Günlük kalori gereksinimindeki artış sadece %15 iken bazı maddelerin gereksinimlerindeki artış iki katına çıkabilir. Bu durum fazla beslenmenin değil dengeli beslenmenin önemi açıkça ortaya koymaktadır.
Gebelikteki kalori tüketimi ilk üç ayda en az düzeydeyken bu dönemden sonra hızlı bir artış gösterir.
2. üç ayda bu kaloriler başlıca plasenta ve embriyo gelişimini karşılarken son üç ayda ise temel olarak bebeğin büyümesine harcanır.
Normal sağlıklı bir kadında tüm gebelik boyunca önerilen kilo artışı 11-13 kg’dır. Bu kilonun 6 kilosu anneye 5 kilosu ise bebeğe ve ona ait oluşumlara (plasenta, amnion sıvısı) aittir.
KARBONHİDRATLAR Vücudun kalori gereksinimi üç temel enerji kaynağı olan proteinler, yağlar ve karbonhidratlardan sağlanır. Eğer karbonhidratlar yetersiz alınırsa vücut enerji sağlamak için proteinleri ve yağları yakmaya başlar.

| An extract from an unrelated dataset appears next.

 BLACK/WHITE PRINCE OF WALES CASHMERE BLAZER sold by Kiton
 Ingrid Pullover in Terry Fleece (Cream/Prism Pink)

Böyle bir durumda iki sonuç ortaya çıkabilir: Bebeğin beyin ve sinir sistemi gelişimini sağlayacak yeterli protein olmaz . Ketonlar ortaya çıkar. Ketonlar yağ metabolizmasının ürünü olan asitlerdir ve bebeğin asit baz dengesini bazen de beyin gelişimini olumsuz yönde etkileyebilirler. Bu nedenle gebelikte karbonhidrattan fakir diyet önerilmez.

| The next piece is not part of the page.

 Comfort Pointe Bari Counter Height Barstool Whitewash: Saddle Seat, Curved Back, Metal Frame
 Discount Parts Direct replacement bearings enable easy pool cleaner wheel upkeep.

Böyle bir durumda iki sonuç ortaya çıkabilir: 1. Bebeğin beyin ve sinir sistemi gelişimini sağlayacak yeterli protein olmaz 2. Ketonlar ortaya çıkar. Ketonlar yağ metabolizmasının ürünü olan asitlerdir ve bebeğin asit baz dengesini bazen de beyin gelişimini olumsuz yönde etkileyebilirler. Bu nedenle gebelikte karbonhidrattan fakir diyet önerilmez
Pirinç, un, bulgur gibi kompleks karbonhidrat kaynakları anne için enerji kaynağı olmasının yanı sıra B grup vitaminleri ve çinko, selenyum, krom, magnezyum gibi elementleri bol miktarda ihtiva eder.
PROTEİNLER Proteinler hücrelerin temel yapı taşlarıdır ve amino asit denen yapılardan oluşmuşlardır. Amino asitlerin bir kısmı vücutta diğer maddelerden üretilebilirken esansiyel amino asit adı verilen 8 tanesi vücutta üretilemez ve mutlaka besinler yoluyla dışarıdan alınmaları gerekir.
Hayvansal proteinler 6-8 amino asittin türünü de içerdiğinden komplet proteinler olarak adlandırılırlar ve beslenmede son derece önemlidirler. Proteinler saç telinden tırnağa kadar vücutta bulunan tüm hücrelerin yapı taşı oldukları gibi beyin ve sinir sisteminin gelişimi için de yaşamsal öneme sahiptirler.
Bu nedenle hamile kadınların günde 60-80 gr protein almaları önemlidir.
Protein ana kaynağı hayvansal gıdalardır. Et, kümes hayvanları ve balık komplet proteinler içerirler. Bunun yanı sıra süt ve süt ürünleri de hayvansal protein gereksiniminin karşılanması açısından yeterli olabilir.
SÜT ve SÜT ÜRÜNLERİ Gebe bir kadın güçlü kemikler ve dişler için bebeğe gerekli olan kalsiyum ve diğer elementleri sağlamak amacıyla günde en az 1-2 bardak süt içmelidir. D vitamini takviyeli sütler varsa bu çok daha iyi olur.
Gaz ve hazımsızlık nedeniyle süt içilemeyen durumlarda bunun yerine peynir ya da yoğurt yenilebilir. Kalsiyum alımının yetersiz olması durumunda dışarıdan verilecek ilaçlar ile destek sağlanabilir.
Kemik ve diş gelişiminin ayrıca kas dokularının kasılma fonksiyonlarının sağlanmasında ve pıhtılaşma mekanizmasında kalsiyum minerali önemli rol oynamaktadır.
Bebeğin iskelet sistemi ve gelişimi için yeterli miktarda kalsiyum alınması gerekmektedir. En fazla kalsiyum içeren besinler; süt, peynir, yoğurt, kuru incir, kuru fasulye, karnı bahar, lahana, ıspanak, yumurta
Et, balık, kümes hayvanları, yumurta, kuru baklagiller bu gıdalar vitamin ve mineralin yanında protein de sağlarlar. Gebe kadında ve bebeğinde doku gelişimi ve yeni doku oluşumu için protein şarttır. Bu tür gıdalardan günde üç öğün alınmalıdır. Baklagiller öğünün protein değerini arttırmak için peynir, süt ya da etle birlikte alınabilirler.
VİTAMİNLER Hamile kadında pek çok vitamin ve minerali içeren ilaçları vermek rutin ancak gerekliliği hala tartışılan bir uygulamadır. Dengeli ve doğru beslenen hamile bir kadında dışarıdan vitamin desteği şart değildir.
En iyisi vitamin ve mineralleri doğal gıdalarla almaktır. Ancak demir ve folik asit bu durumun istisnasıdır.